Within the listing below, give again exactly the lines between the one containing "Box spring seng" and the one containing "500 Parça Jurassic", inclusive, pictures left aside.

# Data to process:
○ ○ ○ ○ ○

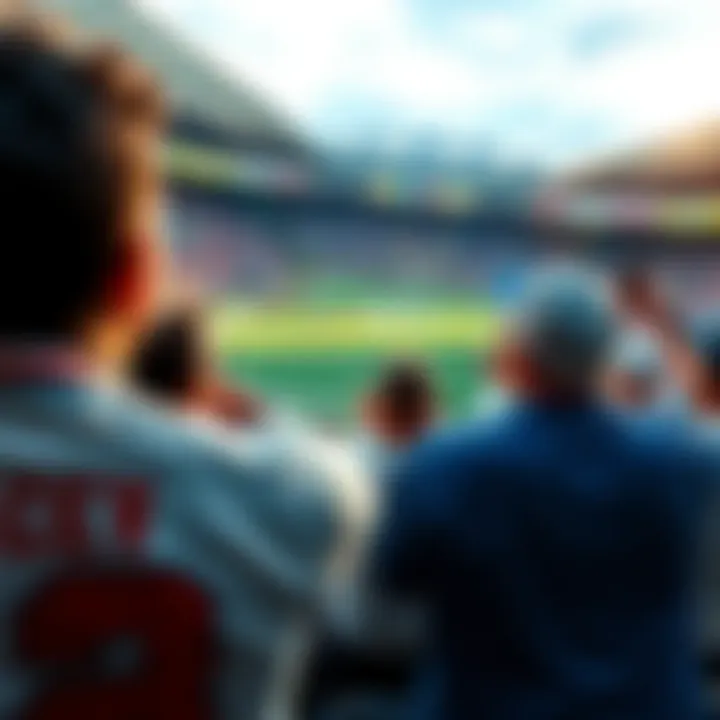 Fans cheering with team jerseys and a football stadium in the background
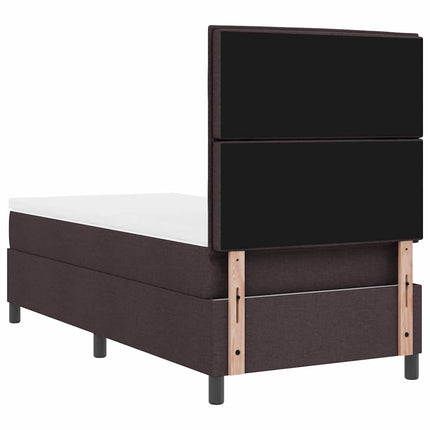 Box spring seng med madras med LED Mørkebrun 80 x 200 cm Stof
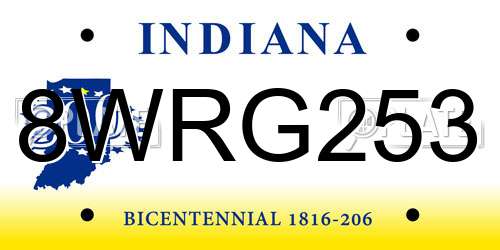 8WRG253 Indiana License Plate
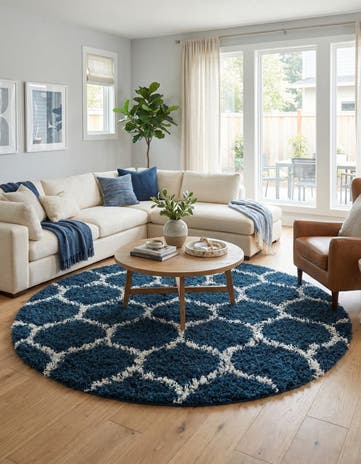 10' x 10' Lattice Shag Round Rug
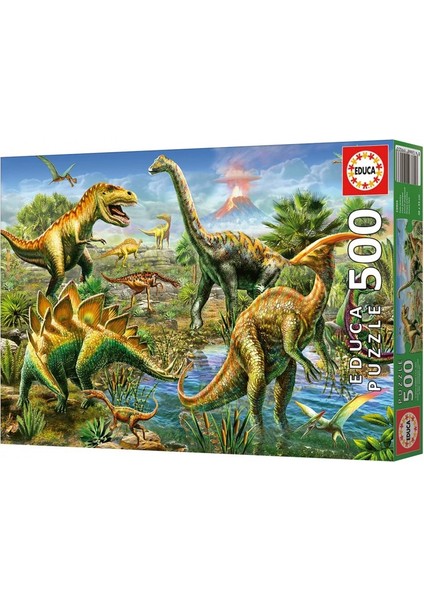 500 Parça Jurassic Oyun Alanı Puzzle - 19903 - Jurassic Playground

○ ○ ○ ○ ○

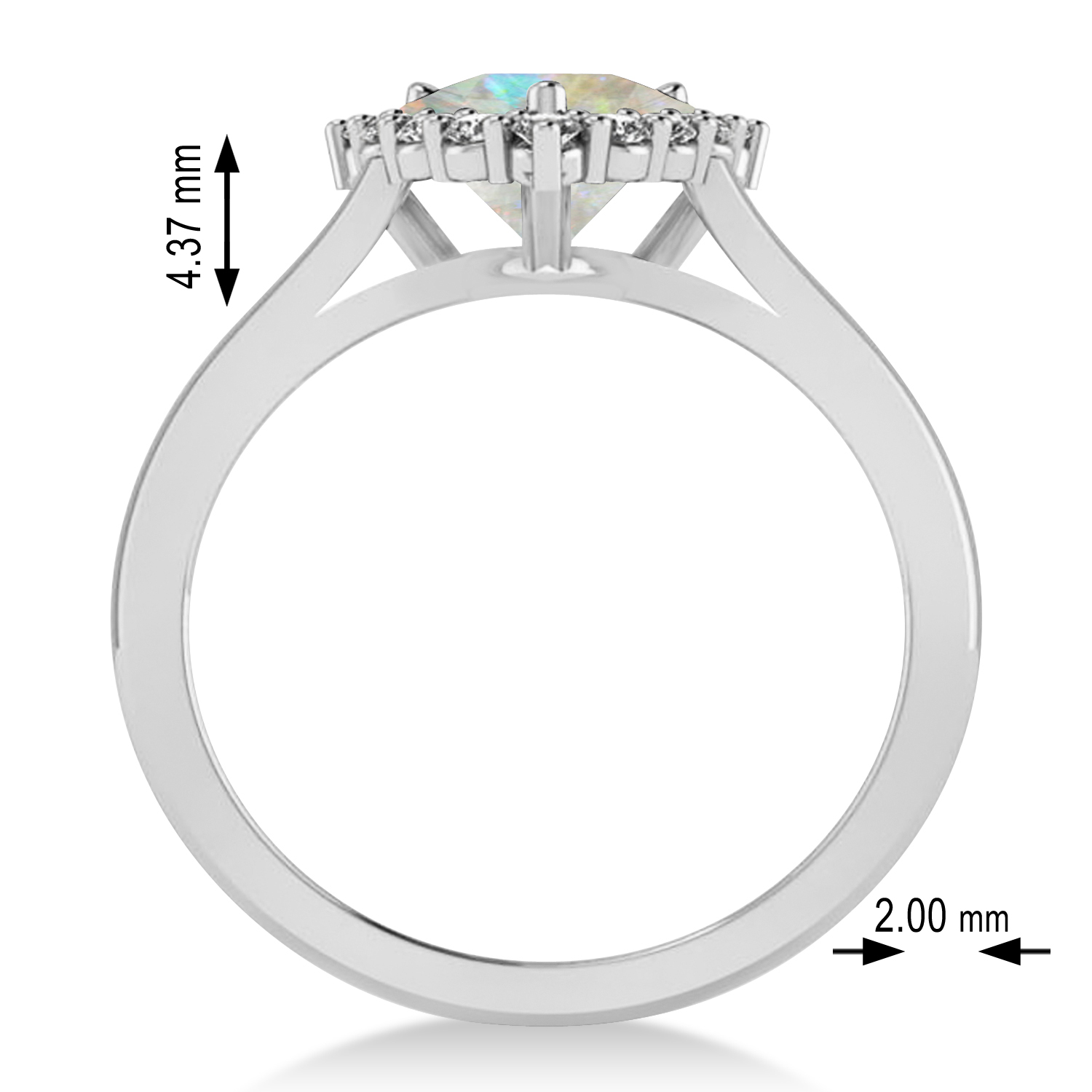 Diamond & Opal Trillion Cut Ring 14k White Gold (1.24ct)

○ ○ ○ ○ ○

# Response:
 Box spring seng med madras med LED Mørkebrun 80 x 200 cm Stof
 8WRG253 Indiana License Plate
 10' x 10' Lattice Shag Round Rug
 500 Parça Jurassic Oyun Alanı Puzzle - 19903 - Jurassic Playground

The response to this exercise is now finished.